Mile 7 – 8
Greenwich Church Street by the Gypsy Moth pub to Sayes Court, Evelyn Street
South of the River
Words by Gordon Kerr, read by Joe Shire, Film by Sean Kerr, edited by Olly Robertson, sound edited by Matthieu Lefort
Leof the Jute, c. 550
I loiter by the bend in the river’s crook,
Near where the Ravensbourne softens its flow,
Mud blurring its surface,
Oil bruising the sky’s reflection.
And I think of him stumbling ashore
At morning’s first blood,
Eyes wide, veins full,
Skin stripped from his soul.
‘Ho!
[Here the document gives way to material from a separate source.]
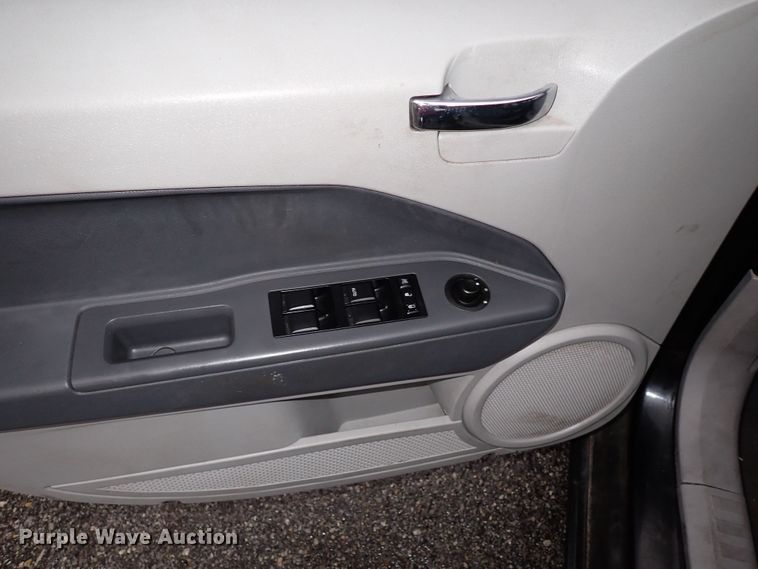 image for item LU9005 2007 Dodge Caliber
Stay those oars that have widowed waves
And struck this barren strand,’ he might have called,
‘This place will welcome our ancestors
But here time will swallow our tooth-white bones
And make meaningless our lives.’
By evening’s chill
The water’s quiet glass breathed mist
And, as the riverbirds’ echoes faded,
Above the dank sail-shrouded shelter
Smoke began to cloud the mizzling air,
Flames adding grammar to the darkness
While stones, blushing in the heat
Beneath the whistling timbers,
Cracked like the skulls of enemies.
Huddled skin to skin at the water’s edge,
Souls singing for this new land,
They embraced their redemption, wept
And burned their boats.
Ayisha, 2013
A complexity of bells
Exhausts the sky of birds
Above the broken teeth
Of Lewisham’s slow yawn.
This is not her weather –
Outside, domed by a gabardine sky,
The rain is brittle, the wind sculpting
Angled figures in the polished streets.
As the morning drifts to its dreary conclusion,
Her mind grows wings;
She recalls the moonlight
Sprinkling like broken pearls
To the shadowed stones of an ancient city’s courtyards,
Its passages echoing with the whispers of dusty robes
And the sighs of bored calligraphers,
Discussing lost hours
While the evening fell in layers.
But, as the Sunday morning bells fade,
She sheathes his body yet again,
Eyes closed, the blood stopped in her veins.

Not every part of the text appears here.